Tighten access to civil legal aid in England and Wales for those who do not reside in the UK or associated territories, with safeguards for important human rights cases.

Ensure that where legal aid funds a community action, the legal aid contribution mirrors the proportion of the affected population who are actually eligible for legal aid.

Thankfully, some of the loopier proposals have been dropped. These included:

(a) balance disadvantages and benefits in assessing public interest; (b) invite members of the public and/or public sector body representatives on to the funding committee; (c) appoint the SCU director as the Chair of the new funding committee; (d) restrict legal aid for individual low value damages claims; (e) require additional reconsideration of merits in judicial review; and (f) withdraw solicitors’ delegated powers to self-grant judicial review funding in urgent cases.

But what is left is not going to make for happy reading. Family solicitors are already quaking at the idea that there will be a two week period where the opponent gets to make representations about whether the party applying is actually eligible for legal aid (although not domestic violence or child protection/abduction cases). Cue bitter battles over financial disclosure before funding is even granted. But this is just a pilot, with the aim of a roll out to all areas. It will not apply where the client is at imminent risk of losing their home.

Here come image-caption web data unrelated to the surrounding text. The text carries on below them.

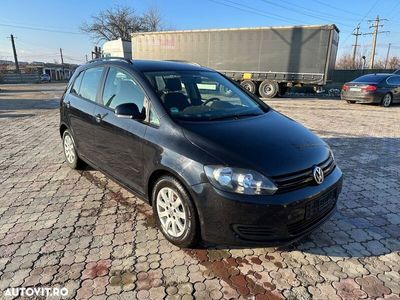 second-hand VW Golf Plus 2.0 TDI Comfortline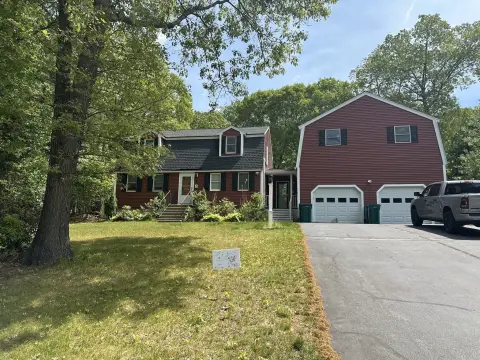 Duplex with Garage Apartment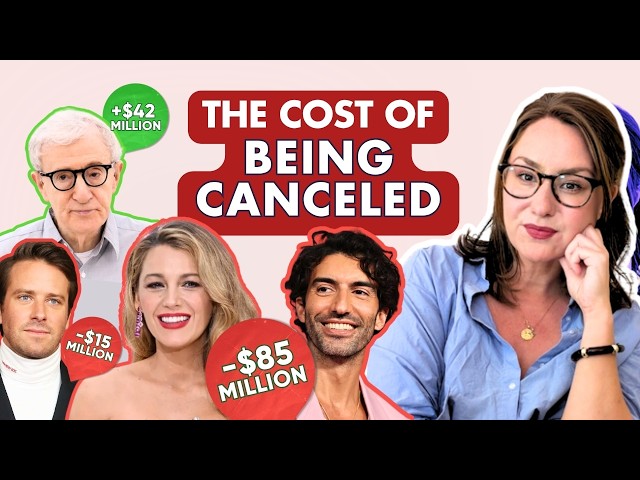 Cancel Culture Was Never Real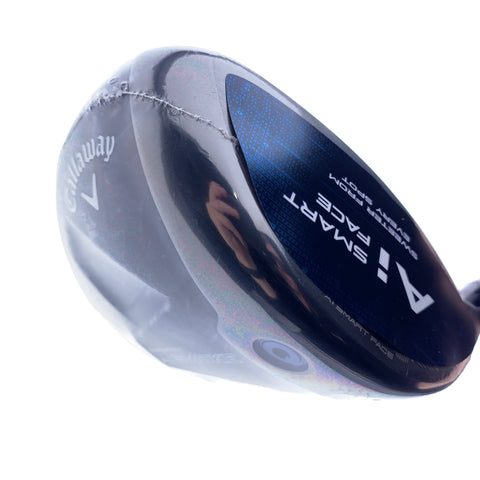 NEW Callaway Paradym Ai Smoke Triple Diamond Driver / 9.0 Degrees / Regular Flex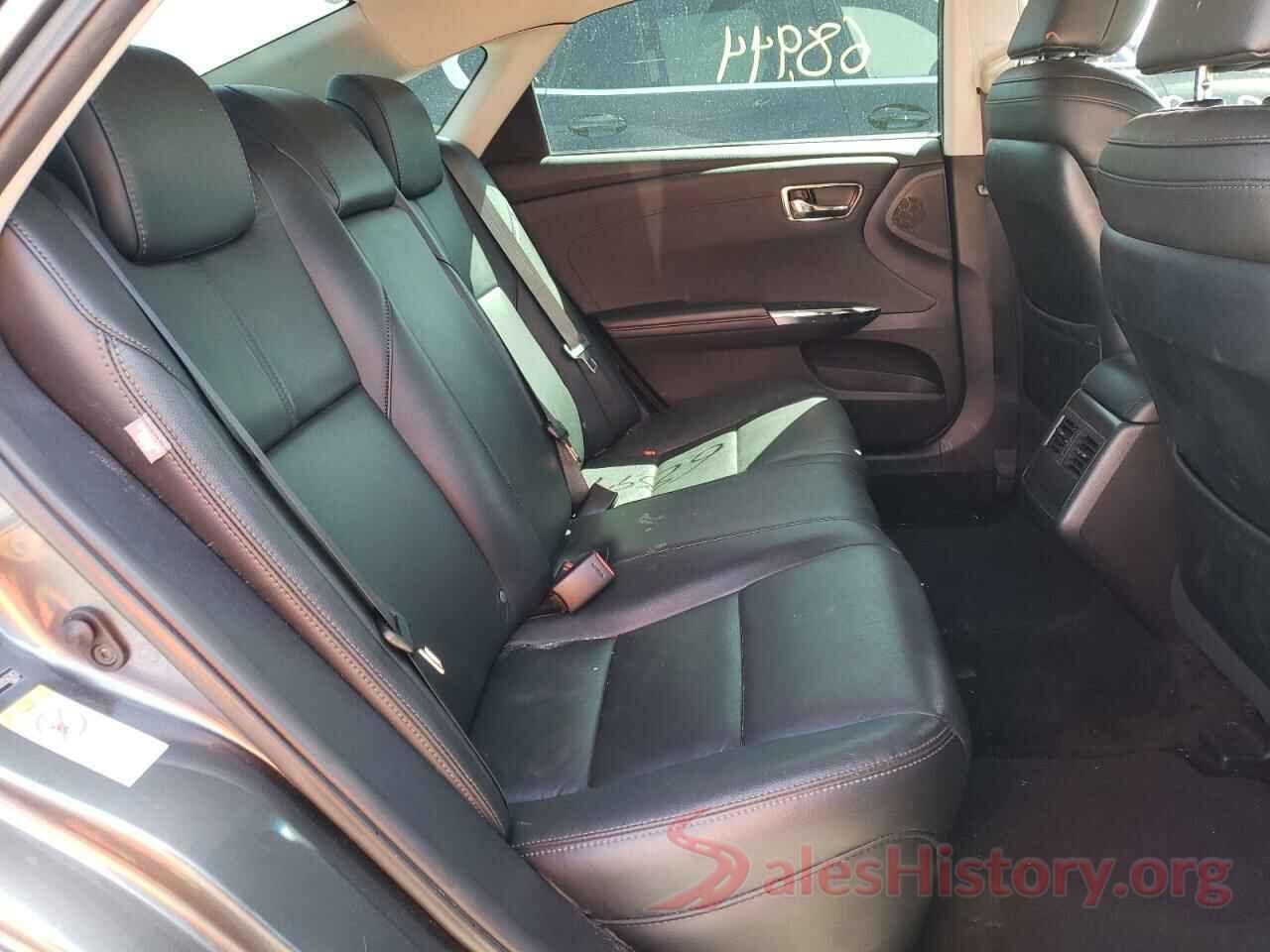 4T1BD1EB8GU056263 2016 TOYOTA AVALON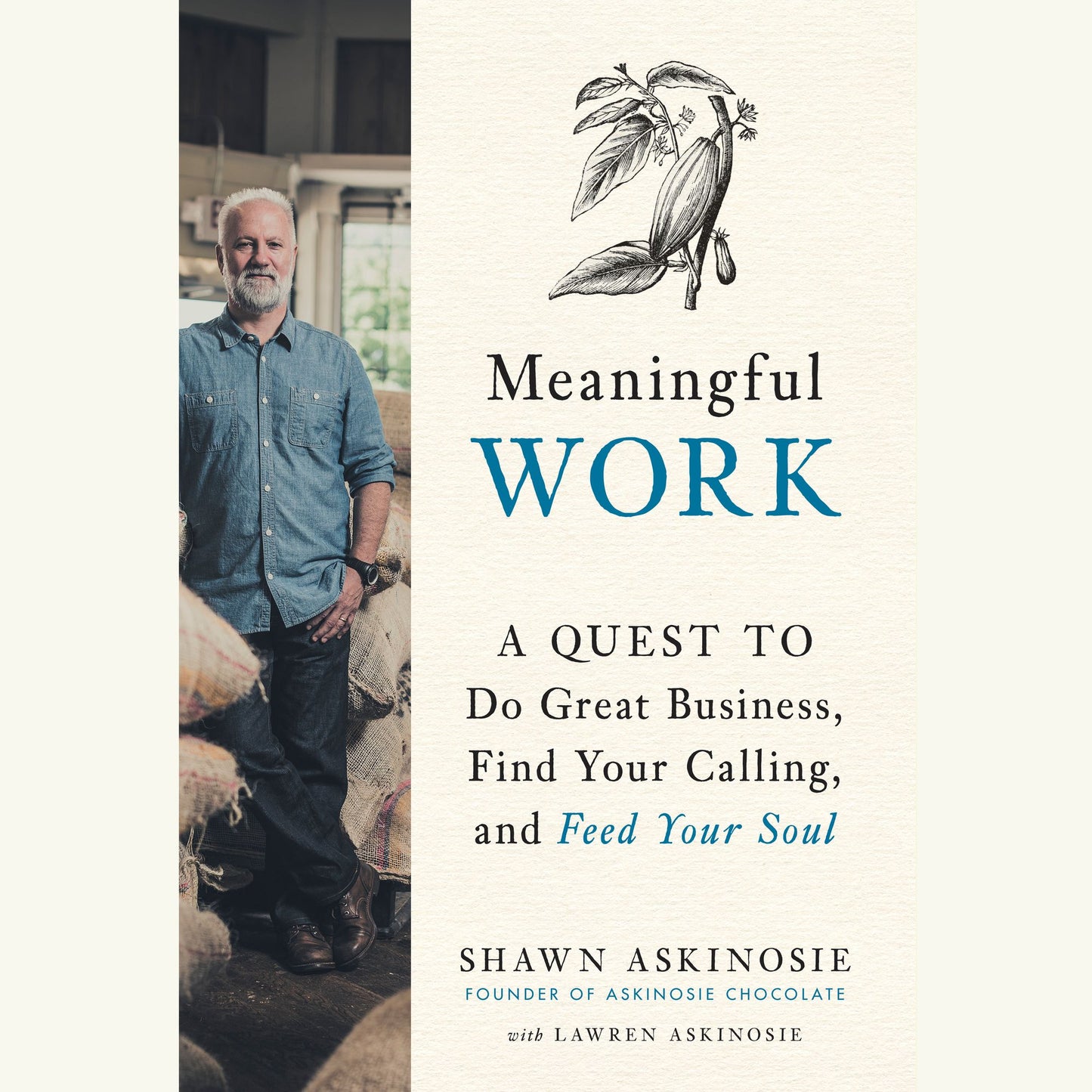 Meaningful Work: A Quest to Do Great Business, Find Your Calling, and Feed Your Soul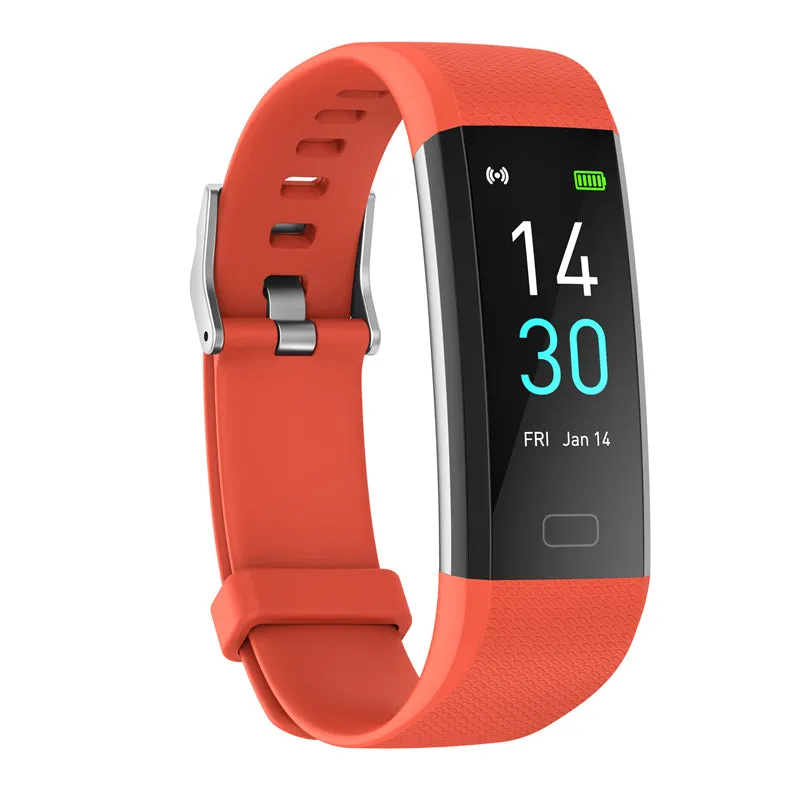 S5 Gen 2 Smart Bracelet and Watch for iOS Android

On funding public interest cases, the test will now be:

(i) the case has the potential to produce real benefits for individuals other than the client (other than benefits to the public at large which normally flow from proceedings of the type in question);
and
(ii) the case is considered on its particular facts to be an appropriate case to realise those benefits.

On public interest and special cases:

We intend to proceed to establish a ‘special controls’ regime for individual cases or types of cases which differ from the mainstream of civil legal aid cases. These cases are: (a) Multi-Party Actions; (b) appeals to the Supreme Court; (c) cases with only ‘borderline’ prospects of success which rely on significant wider public interest or significant human rights issues in order to receive funding; and (d) cases where the costs might exceed £250,000 if they proceeded to a contested trial or final hearing (or for Court of Appeal cases, to the conclusion of that appeal stage).

There will be a new Special Controls Review Panel, with one or more members from consumer groups “The panel will not make the final decision about whether funding should or should not be granted. The panel will not have the power to make the final determination of any issues, other than the legal assessment of prospects of success.” – the final arbiter being the Director of the Special Cases Unit. What this appears to mean is that Which? will be assessing the prospects of success of that Supreme Court appeal you want to bring.

Multi Party Claims where for damages only will have to be above a threshold of £5,000 damages per client, rather than the current approach of aggregating the individual claims into a lump amount.

On judicial review, the presumption of funding where permission had been granted is to be removed, apparently because the LSC was upset about not being able to assess the merits of the case for themselves, where a High Court judge had already done it. The same test will now apply pre and post permission, although the LSC will ‘give weight’ to the grant of permission in carrying out the assessment.

The Funding Code will be ‘clarified’ so that funding for judicial review will only be granted where the client is seeking a material benefit for themselves or their family. Funding will not necessarily be withdrawn ‘in a case where the client secures a satisfactory outcome, but the general issue remains unresolved’, though.

The proposal to end use of delegated powers to fund urgent judicial review claims has been dropped, partly because the LSC eventually dug up some figures showing the success rate was the same for delegated powers and non-delegated powers cases, the clear implication being that the powers weren’t being abused.